** MATERIAL TO PROCESS follows **

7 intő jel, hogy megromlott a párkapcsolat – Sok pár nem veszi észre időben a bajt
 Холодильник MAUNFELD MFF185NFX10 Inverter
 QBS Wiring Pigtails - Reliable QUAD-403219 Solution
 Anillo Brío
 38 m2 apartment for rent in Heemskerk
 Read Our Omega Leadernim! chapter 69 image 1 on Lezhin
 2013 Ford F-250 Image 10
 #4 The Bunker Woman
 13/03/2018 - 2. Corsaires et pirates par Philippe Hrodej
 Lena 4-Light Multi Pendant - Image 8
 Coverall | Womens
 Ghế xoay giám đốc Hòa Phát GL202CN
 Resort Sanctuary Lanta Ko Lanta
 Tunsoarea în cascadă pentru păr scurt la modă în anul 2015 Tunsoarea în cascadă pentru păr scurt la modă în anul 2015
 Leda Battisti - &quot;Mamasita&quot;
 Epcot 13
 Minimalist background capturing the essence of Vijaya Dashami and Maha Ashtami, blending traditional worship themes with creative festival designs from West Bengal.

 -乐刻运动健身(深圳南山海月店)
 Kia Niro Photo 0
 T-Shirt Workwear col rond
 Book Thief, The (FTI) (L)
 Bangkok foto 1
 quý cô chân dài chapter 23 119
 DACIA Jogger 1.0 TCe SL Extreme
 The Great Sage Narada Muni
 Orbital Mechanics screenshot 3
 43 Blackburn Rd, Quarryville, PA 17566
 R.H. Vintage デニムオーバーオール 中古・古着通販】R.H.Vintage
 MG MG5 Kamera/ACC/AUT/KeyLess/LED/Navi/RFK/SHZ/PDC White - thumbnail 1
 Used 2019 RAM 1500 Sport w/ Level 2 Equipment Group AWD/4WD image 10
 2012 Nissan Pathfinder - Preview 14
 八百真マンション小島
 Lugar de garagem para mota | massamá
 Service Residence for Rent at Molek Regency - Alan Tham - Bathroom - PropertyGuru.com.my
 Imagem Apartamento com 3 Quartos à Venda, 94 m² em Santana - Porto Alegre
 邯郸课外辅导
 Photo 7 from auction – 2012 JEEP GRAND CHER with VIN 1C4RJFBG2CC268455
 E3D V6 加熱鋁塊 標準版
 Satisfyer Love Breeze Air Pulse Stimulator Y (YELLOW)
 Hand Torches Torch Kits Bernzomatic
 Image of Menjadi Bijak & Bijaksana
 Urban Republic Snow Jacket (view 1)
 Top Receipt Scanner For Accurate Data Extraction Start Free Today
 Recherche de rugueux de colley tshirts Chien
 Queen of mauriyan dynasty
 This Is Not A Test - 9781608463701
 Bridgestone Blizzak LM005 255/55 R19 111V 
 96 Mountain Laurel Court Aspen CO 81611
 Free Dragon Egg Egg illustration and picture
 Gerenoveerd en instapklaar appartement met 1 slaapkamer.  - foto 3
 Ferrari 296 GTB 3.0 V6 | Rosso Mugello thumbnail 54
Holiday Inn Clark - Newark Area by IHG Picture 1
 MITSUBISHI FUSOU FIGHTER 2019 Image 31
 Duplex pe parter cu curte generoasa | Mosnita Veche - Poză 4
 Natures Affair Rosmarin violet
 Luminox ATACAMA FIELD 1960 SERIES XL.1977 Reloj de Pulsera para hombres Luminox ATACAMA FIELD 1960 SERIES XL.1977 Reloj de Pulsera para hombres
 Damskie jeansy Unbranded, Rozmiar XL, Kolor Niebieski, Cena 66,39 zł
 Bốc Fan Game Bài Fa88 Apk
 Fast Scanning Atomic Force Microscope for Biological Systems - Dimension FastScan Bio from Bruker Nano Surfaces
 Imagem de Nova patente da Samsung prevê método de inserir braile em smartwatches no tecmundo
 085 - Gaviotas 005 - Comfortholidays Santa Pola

** End of MATERIAL TO PROCESS **

Leave out every line after the one with "Read Our Omega". Reproduce the material above exactly from its first line through that line.

▸ WRITTEN RESPONSE:
7 intő jel, hogy megromlott a párkapcsolat – Sok pár nem veszi észre időben a bajt
 Холодильник MAUNFELD MFF185NFX10 Inverter
 QBS Wiring Pigtails - Reliable QUAD-403219 Solution
 Anillo Brío
 38 m2 apartment for rent in Heemskerk
 Read Our Omega Leadernim! chapter 69 image 1 on Lezhin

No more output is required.